Изменить размер шрифта - +
Вот этого она и избегала — разбираться здесь. Одно дело — грубо, вопреки правилам, спровадить неприкаянную душу, и совсем иное — если и там у души дом родной, где ее ждут.

— Не знаю, — угрюмо ответила она. Ответила не только Таньке. — Как, поди, не верила — она старого житья была человек.

— Она просила, чтобы я ей в церкви иконку купила…

— А ты купила? — напряженно спросила Пашута.

— Маленькую такую. Богородицу. В ладошку входит.

— А как я не видела?

— Она на этажерке стоит. Ты не заметила.

Пашута задумалась. Она легко уходила от разговора и теперь думала о том, что надо подниматься и выстраивать в новый, более определенный порядок намеченное дело. Засиделась. Почти наяву она видела, как дело выгибается к ней странной, ненаполненной, схематической фигурой, чтобы поторопить. Но так не хотелось отлепляться от девчонки, как никогда, ищущей сегодня ласки и слов!

— Крестить тебя надо, — вспомнив, о чем говорили, сказала она.

— А ты крещеная?

— Нет! — С такой легкостью, как сейчас, твердел у нее голос и с таким трудом мягчел. — Я выпала, обо мне нет разговора. А тебе жить.

— Но я видела: совсем старых крестят.

— Ты, значит, бываешь в церкви?

— Мы с Соней из интересу заходим. Совсем старые есть, которые от советской власти родились…

— От кого родились? — охнула Пашута.

— Ну, это так говорят.

— Говорят… Как это у вас все ловко говорится?.. Ладно, — решительно предложила она. — Поднимаемся, что ли?

И — промедлила. Танька вдруг прильнула к ней, обняла, ткнулась головой в грудь. Пашута растерялась:

— Ну, что ты! что ты!

— Бабушка, ты разговаривай со мной, разговаривай!.. — отчаянным шепотом рвалось из Таньки. — Ты молчишь, я не знаю, почему молчишь… Я не маленькая, пойму. Почему ты вчера не сказала мне?.. Ты думаешь, что я неродная, а я родная… хочу быть родной. Хочу помогать тебе, хочу, чтобы ты не была одна! Мы вместе, бабушка, вместе!..

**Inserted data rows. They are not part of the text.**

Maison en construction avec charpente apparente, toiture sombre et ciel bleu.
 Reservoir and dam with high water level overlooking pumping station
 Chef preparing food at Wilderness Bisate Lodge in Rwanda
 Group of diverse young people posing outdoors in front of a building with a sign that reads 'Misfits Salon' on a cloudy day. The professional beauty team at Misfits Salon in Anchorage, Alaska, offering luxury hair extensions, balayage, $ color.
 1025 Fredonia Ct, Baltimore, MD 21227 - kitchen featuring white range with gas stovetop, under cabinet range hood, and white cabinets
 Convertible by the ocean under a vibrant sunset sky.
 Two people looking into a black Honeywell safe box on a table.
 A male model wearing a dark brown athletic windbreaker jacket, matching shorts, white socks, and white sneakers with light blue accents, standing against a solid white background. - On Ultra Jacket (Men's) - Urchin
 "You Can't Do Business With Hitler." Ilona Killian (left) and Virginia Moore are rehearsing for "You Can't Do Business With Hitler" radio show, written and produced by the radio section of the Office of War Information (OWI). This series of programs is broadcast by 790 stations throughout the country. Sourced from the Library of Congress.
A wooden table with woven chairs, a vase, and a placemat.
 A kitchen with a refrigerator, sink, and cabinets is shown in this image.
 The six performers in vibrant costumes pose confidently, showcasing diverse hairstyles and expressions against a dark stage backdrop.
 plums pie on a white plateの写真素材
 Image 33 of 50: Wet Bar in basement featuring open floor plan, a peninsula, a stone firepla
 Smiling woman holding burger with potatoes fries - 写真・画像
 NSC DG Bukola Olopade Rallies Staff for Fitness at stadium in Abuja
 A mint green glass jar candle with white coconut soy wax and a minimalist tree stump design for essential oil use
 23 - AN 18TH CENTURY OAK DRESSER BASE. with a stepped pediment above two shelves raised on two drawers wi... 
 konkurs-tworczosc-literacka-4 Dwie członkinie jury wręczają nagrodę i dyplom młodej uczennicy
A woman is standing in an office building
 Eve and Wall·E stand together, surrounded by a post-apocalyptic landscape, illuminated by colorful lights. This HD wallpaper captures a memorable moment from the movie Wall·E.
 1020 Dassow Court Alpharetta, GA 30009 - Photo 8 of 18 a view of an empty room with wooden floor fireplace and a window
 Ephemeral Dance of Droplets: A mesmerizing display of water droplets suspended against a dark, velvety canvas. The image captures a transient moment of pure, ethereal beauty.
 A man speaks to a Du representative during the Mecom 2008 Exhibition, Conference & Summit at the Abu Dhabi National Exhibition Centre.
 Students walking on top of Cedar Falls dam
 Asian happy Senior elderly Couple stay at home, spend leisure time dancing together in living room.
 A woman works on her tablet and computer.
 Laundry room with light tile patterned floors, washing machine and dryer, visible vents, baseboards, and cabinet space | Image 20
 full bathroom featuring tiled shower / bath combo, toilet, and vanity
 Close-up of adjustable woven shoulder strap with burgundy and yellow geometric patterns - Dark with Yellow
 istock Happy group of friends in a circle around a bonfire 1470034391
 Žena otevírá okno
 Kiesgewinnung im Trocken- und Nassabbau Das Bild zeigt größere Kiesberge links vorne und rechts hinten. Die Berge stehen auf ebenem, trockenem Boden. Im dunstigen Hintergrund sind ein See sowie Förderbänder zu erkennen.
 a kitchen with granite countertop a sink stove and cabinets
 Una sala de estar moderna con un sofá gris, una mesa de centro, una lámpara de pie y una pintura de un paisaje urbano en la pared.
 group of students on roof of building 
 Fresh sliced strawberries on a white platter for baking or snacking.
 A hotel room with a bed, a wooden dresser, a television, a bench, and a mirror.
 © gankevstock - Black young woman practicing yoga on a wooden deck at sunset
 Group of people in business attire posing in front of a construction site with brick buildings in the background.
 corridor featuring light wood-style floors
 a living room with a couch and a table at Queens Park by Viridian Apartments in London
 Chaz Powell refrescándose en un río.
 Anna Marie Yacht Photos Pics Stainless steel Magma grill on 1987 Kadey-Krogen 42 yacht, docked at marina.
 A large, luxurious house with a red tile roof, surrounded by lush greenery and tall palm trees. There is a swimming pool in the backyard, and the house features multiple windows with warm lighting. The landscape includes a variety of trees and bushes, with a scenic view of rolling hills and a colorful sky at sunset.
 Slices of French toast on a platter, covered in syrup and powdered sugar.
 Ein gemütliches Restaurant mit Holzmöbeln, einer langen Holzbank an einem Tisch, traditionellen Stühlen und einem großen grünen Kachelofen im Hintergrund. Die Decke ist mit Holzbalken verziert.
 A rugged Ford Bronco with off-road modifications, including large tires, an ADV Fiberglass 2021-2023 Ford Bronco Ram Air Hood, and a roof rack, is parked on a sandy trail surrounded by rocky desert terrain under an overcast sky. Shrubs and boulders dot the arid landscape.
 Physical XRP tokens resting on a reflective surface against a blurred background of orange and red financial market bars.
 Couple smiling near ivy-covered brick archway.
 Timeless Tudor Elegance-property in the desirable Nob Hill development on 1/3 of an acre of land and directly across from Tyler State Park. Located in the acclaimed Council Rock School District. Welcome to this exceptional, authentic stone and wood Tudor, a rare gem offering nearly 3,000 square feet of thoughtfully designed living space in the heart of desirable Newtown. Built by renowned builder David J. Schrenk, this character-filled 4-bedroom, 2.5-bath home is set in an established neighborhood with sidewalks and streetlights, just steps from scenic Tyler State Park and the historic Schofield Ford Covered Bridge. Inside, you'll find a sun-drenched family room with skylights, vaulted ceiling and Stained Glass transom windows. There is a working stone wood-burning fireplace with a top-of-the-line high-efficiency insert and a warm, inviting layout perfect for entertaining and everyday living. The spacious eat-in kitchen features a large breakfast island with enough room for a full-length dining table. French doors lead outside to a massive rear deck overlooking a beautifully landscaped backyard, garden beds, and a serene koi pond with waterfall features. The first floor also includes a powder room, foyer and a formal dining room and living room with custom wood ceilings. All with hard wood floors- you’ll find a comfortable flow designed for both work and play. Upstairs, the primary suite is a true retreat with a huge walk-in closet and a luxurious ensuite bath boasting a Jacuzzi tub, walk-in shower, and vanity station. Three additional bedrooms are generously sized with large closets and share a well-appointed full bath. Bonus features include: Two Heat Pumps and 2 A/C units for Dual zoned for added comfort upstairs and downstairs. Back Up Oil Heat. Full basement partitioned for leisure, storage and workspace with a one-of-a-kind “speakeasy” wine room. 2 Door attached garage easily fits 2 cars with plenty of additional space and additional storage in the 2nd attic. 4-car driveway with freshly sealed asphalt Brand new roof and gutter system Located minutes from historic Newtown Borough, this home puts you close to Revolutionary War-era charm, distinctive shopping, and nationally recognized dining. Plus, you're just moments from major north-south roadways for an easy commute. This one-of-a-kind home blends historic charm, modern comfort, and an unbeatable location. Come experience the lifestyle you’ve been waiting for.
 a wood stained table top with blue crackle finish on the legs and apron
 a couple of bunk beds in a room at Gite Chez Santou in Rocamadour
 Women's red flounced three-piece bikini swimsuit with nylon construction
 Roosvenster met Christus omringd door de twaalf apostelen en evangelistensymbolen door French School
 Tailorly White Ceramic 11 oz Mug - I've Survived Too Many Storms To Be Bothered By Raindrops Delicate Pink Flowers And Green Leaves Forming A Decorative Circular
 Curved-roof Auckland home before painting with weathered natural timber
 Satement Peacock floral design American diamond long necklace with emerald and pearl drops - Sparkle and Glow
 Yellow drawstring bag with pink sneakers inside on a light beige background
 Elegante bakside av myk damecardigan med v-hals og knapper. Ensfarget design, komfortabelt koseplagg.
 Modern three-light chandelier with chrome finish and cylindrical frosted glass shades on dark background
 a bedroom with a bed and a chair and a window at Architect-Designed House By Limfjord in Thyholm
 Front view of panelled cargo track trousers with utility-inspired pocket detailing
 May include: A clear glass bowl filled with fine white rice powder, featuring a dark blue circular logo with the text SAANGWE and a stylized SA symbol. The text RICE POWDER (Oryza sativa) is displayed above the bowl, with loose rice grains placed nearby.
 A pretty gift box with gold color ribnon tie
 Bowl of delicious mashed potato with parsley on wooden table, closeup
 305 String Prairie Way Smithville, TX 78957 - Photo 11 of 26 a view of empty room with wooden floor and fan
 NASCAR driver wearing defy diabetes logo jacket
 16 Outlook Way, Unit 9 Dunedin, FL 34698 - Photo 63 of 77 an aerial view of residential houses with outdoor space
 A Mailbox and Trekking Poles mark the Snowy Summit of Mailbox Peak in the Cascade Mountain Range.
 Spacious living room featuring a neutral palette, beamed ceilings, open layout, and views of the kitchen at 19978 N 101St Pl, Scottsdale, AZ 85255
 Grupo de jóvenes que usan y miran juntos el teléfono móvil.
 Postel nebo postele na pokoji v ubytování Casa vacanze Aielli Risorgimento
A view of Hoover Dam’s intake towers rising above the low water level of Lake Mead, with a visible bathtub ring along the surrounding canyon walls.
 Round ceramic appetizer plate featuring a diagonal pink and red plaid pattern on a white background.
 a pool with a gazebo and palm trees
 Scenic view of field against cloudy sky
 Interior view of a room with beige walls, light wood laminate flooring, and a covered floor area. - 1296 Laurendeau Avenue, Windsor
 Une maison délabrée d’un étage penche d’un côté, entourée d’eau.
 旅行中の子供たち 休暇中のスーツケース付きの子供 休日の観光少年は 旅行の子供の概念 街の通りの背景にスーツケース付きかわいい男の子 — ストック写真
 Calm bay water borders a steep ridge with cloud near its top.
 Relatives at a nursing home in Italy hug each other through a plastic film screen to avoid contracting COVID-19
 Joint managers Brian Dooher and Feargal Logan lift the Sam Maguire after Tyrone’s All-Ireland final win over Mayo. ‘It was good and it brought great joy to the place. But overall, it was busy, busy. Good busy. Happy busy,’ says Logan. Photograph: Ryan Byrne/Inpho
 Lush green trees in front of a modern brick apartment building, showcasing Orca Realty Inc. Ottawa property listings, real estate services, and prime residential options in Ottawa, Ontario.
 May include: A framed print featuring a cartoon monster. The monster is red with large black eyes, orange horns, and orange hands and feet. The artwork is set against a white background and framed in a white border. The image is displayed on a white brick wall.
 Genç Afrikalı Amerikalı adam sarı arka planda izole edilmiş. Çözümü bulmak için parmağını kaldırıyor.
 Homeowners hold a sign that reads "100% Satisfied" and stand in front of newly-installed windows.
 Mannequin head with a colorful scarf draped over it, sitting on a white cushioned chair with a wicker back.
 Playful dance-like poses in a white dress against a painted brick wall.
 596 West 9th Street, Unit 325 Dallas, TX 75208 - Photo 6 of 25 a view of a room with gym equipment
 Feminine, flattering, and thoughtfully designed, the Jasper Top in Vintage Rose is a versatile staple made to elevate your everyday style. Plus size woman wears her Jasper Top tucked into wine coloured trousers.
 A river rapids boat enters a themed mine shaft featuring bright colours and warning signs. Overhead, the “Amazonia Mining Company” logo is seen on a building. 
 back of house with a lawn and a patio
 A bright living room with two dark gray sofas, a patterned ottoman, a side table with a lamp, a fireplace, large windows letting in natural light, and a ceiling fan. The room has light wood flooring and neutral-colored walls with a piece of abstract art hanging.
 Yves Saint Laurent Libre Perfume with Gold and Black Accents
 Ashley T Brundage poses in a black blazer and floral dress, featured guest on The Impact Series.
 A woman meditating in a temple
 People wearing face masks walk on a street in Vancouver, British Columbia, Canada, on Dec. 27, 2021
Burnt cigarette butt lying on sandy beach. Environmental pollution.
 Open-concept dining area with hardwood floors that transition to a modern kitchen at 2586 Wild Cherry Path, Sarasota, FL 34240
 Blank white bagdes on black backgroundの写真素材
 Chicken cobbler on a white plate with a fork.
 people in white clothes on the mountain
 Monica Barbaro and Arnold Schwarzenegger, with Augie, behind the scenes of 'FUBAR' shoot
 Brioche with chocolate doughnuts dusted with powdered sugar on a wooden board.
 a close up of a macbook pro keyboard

Пашута застыла. Сегодня она уже дала слабину — у Стаса, когда разрыдалась. Если еще раз пустит слезу — дело плохо. Она приказала себе замереть, чтобы ни звука не вырвалось из ее недр, пока не откатит волна сладкой боли, перехватившей горло, так давно не испытываемой. Что-то еще осталось в ней, что-то вырабатывает эти чувствительные приступы. Она успокоилась и лишь после этого в ответ обняла Таньку, прижала неловко и пообещала:

— С кем же мне еще разговаривать, как не с тобой! Больше у меня никого нет.

— Мне шестнадцать будет — я могу в подъезде мыть. Или телеграммы разносить — я узнавала. Я могу… я могу, бабушка! — сорвалась опять Танька на слезный шепот. Она выпрямилась и, моргая часто от слез и напряжения, искала, искала в Пашуте перемен, которые могли произойти от ее порыва. Она бы хотела, подняв голову, увидеть Пашуту совсем другой — ласковой и доступной. Пашута понимала ее и ненавидела себя еще больше.

Она сказала:

— Прокормимся, Татьяна.

Не выговорилось у нее: спасибо, милая девочка; вот мы и породнились еще ближе.

— Давай дверь откроем, — предложила Танька, поднимаясь первой. — Она там совсем одна.

Сама же и растворила дверь.

Как в жизни была Аксинья Егоровна незаметной, тихой, все старающейся спрятаться в закуток, так и теперь лежала она сиротинушкой, и в смерти, в единственный день, отпущенный ей для внушения остающимся, не взяла главного места.